(Updates with closing share price.)
Aug. 14 (Bloomberg) -- Oil producers in Iraqi Kurdistan are an attractive investment after falling at least 25 percent since early July on fears that violence in the region would disrupt operations, analysts said.
It’s unlikely that the northern semi-autonomous Kurdistan region will be overtaken by Islamic State fighters, and that risk has been reduced as the U.S. and France moved to arm Kurdish forces, analysts from Swedbank AB, Pareto Securities AS, and RBC Capital Markets said.
Swedbank today raised its recommendation on Oslo-based DNO ASA to buy from neutral, and the shares rose 8.3 percent in Oslo trading.

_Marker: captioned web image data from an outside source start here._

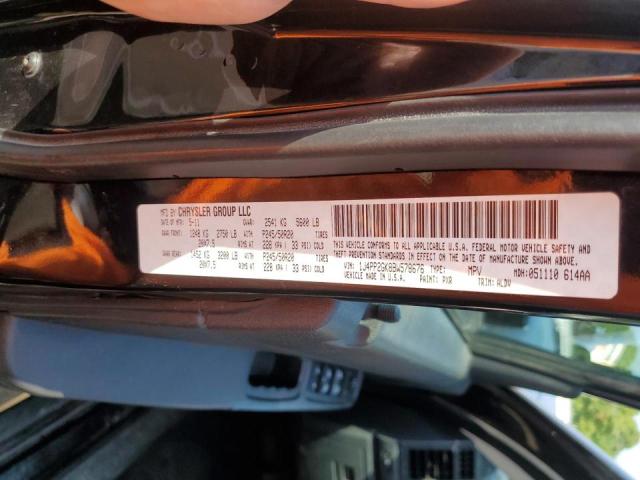 Photo 10 from auction – 2011 JEEP LIBERTY SP with VIN 1J4PP2GK8BW578676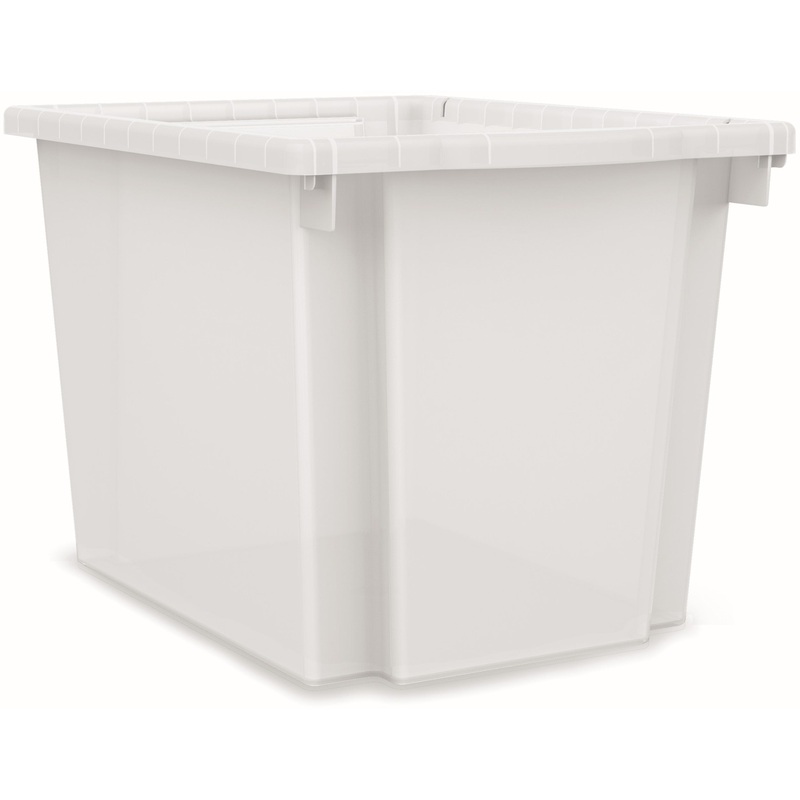 HON Flagship Storage Tray Kit | 2 Bins/4 Rails | 12H – HONHFMBIN12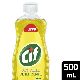 DETERGENTE CIF GEL LIMON X 500ML.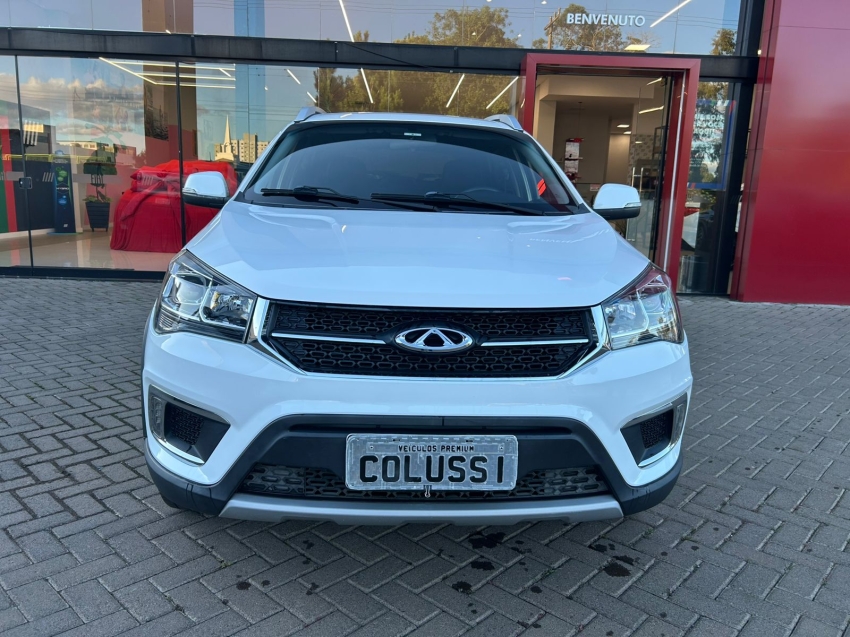 caoa chery tiggo 2 1.5 mpfi 16v flex look 4p manual 20224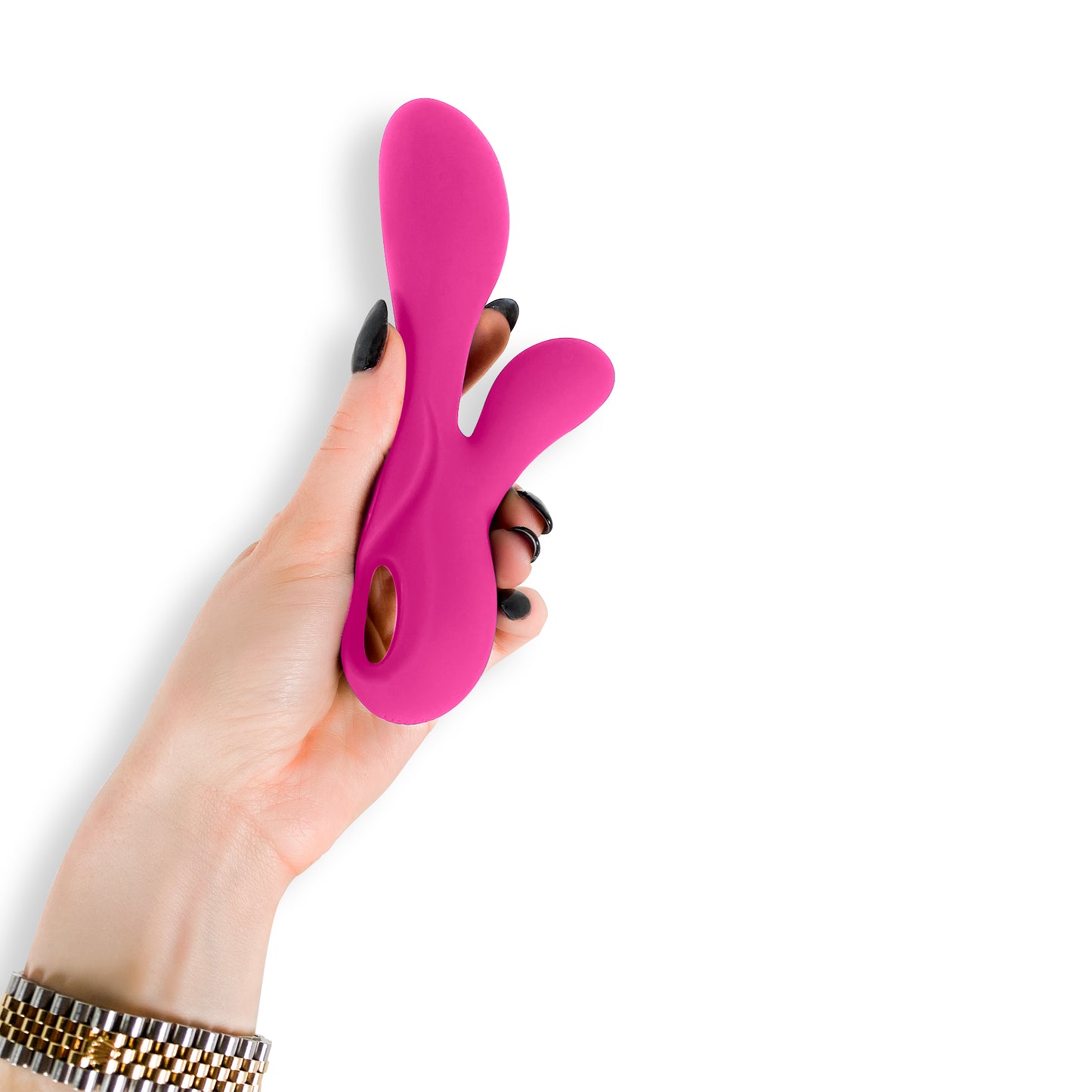 Carmena: The Compact Rabbit Massager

Genel Energy Plc began a share buyback, repurchasing 155,000 ordinary shares and sending its stock rallying 7.6 percent.
“It’s worth betting on,” Swedbank analyst Teodor Sveen Nilsen said in a phone interview, referring to DNO. “The discount is big, and the values we’re basing it on already take into account that it’s not a blue-sky scenario.”
Oil companies operating in Iraq’s Kurdistan region, such as DNO, Genel Energy and Afren Plc, have plunged as Islamic State fighters who crossed the border from Syria earlier this year have battled Kurdish forces. The violence raises the prospect of the destabilization of a region that’s seen relative tranquility compared with the rest of the country since the U.S.-led invasion in 2003.

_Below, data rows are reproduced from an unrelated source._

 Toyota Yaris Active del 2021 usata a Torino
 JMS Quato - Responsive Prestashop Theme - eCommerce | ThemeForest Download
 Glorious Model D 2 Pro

“There is a belief across the industry that Kurdistan will remain a safer area of Iraq,” said Al Stanton, an energy analyst at RBC Capital Markets. “The buyback shows that Genel feels that it is hugely undervalued.”
Stanton has an outperform recommendation on Genel Energy’s stock.
DNO declined to comment on security considerations and provide updated details on operations, spokesman Henrik Schwabe said in an e-mail yesterday. The company, which is the operator of the Tawke field close to Iraq’s borders with Syria and Turkey, said last week it continued operations at all its Kurdistan sites.
Genel Energy maintains that its operations are “safe and secure” and said that its outlook remains unchanged with plans to increase production in the second half of the year. The company withdrew some “non-essential staff” from its non- producing fields as a precautionary measure last week.
“No threat has been posed to DNO’s operations this far and we expect the risk of interruptions decreases as Kurdish forces are getting access to heavier weapons,” Pareto said in a note to clients yesterday. “DNO is producing at record high levels and we see the recent share price correction as a buying opportunity.”
DNO rose 8.3 percent to 17.29 kroner at close, the biggest gain in nearly six months. Genel Energy added 7.6 percent to 810.5 pence, the largest move since March 2012.